17 Ocak 2016 Pazar

ERMENİ İDDİALARI BÖLÜM 2



ERMENİ  İDDİALARI  BÖLÜM 2



ERMENİSTAN’IN İSTİKLALİ  İÇİN  YAPILAN  İLK  TEŞEBBÜSLER

Ermeni  Devleti’nin   yeniden  kurulması   ve  istiklaline  kavuşması  için  yapılan  ilk  teşebbüsün  İsrel  Ori  adındaki  Karabağlı   bir  Ermeni  din  adamı  tarafından   yapıldığını  görmekteyiz.Türkler’in,  1683  yılında  Viyana  önlerinde   bozguna  uğraması   bütün  Hıristiyan  aleminde  olduğu  gibi,  Omsalı  idaresinde  yaşayan   bazı  Hıristiyan  ileri  gelenlerde  de  çeşitli  ümit  ve   düşünceler   uyandırmıştı.Bu  gelişmeden   etkilenen  kişilerden  biri  de İsrel  Ori    idi.1698-1711  yılları  arasında Fransa,  İngiltere,  Almanya,  ve  Rusya’yı  dolaşan   ve Ermenistan’ı   kurtarmak  için   bir  Haçlı  seferi  düzenlemeye  çalışan  İsrel  Ori ,  bu  teşebbüsünde   bütün  gayretlerine  rağmen muvaffak  olamamıştı.Fakat, İsrel  Ori’nin   Rus  Çar’ı  Petro’ya (1683-1725)   Kafkaslar  ve  bilhassa  iki  Hıristiyan  topluluk  olan  Ermeniler  ve  Gürcüler  hakkında  verdiği  bilgiler,  Ruslar’ın  dikkatini   bu  bölgeye  çekmeye  yetmişti.



Mehmet SARAY:Ermenistan  Yol  Ayrımında Kafkas  Araştırmaları  Dergisi S.7 Sayı:II  İstanbul  1996.


ŞARK  MESELESİ

“Şark Meselesi” , son iki yüz yıl dünyanın büyük devletlerini meşgul etmiş, “güç dengesi”nin tesisinde en mühim amillerden biri olmuş , entrikalara , kıskançlıklara ve pazarlıklara sebebiyet vermiştir.
Her Batılı devlet, “güç dengesi “politikasına titizlikle riayet ettiği gibi “Şark Meselesi”ni kendi menfaatine en uygun şekilde halletme yollarını aradı. Bütün Avrupa devletleri , özellikle Çarlık Rusyası , “Şark Meselesi” ile uğraşmayı dış politikasının esas unsuru haline getirmiştir.
“Şark Meselesi” belirgin hatlarıyla iki önemli safha geçirmiştir.
Bunlardan birincisi “1071-1683 yılları arasındaki “Şark Meselesi”dir. Bu tarihler arasında Avrupa savunmada ,Türkler taarruz halindedir. Bu birinci safhada Batı için “Şark Meselesi”;

*Türkleri Anadolu’ya sokmamak
*Türkleri Anadolu’da durdurmak.
*Türklerin Rumeli’ye geçişini önlemek.
*İstanbul’un Türkler tarafından fethini engellemek
*Türkler’in Balkanlar üzerinden Avrupa içlerine doğru ilerleyişine mani olmak  v.b. politikalar uygulamaktı.

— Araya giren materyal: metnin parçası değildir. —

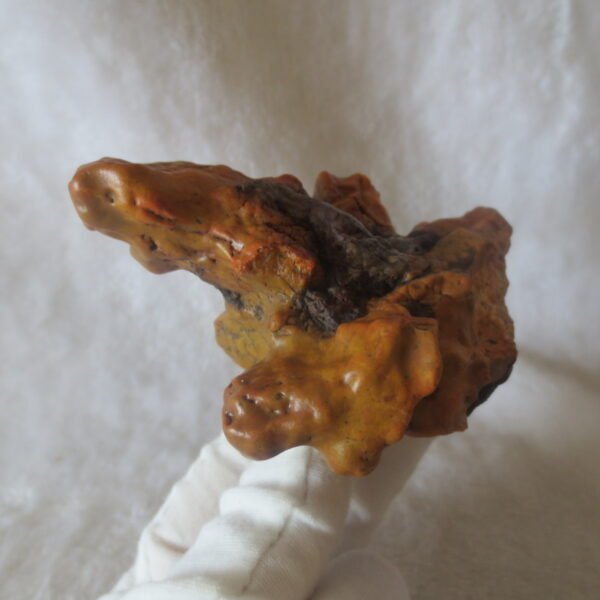 natural banded gobi agate raw desert mudstone home decor. (j15) (copy)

“Şark Meselesi”nin Batılılarca bu hedeflerine rağmen ,Türkler Anadolu’ya girmiş ,Balkanlar’ı tamamen zaptetmiş ve Viyana kapılarına kadar dayanmıştı. Ancak 1683 tarihinde Türklerin Viyana önlerindeki yenilgisi “Şark Meselesi”nin birinci safhasını da sona erdirmiştir. Gene bu tarihte “Şark Meselesi”nin ikinci safhası başlamıştır. Bu safhada ,Türkler savunmada ,Avrupa ise taarruz halindedir.
“Şark Meselesi”ne ikinci aşamada , özellikle  19.y.y.ın ikinci yarısından itibaren emperyalist zihniyet ilave edilmiştir. Ancak,Hıristiyan Batı, hem Haçlı zihniyetini hem de emperyalist zihniyetini gölgeleyebilmek için kendisinin daima hümanist zihniyetle hareket ettiğini propaganda yoluyla dünya kamu oyuna telkin etmeye çalışmıştır.
1920 yıllarına kadar devam eden bu safhada “Şark Meselesi”nin gelişmesi şu şekilde gerçekleşecektir.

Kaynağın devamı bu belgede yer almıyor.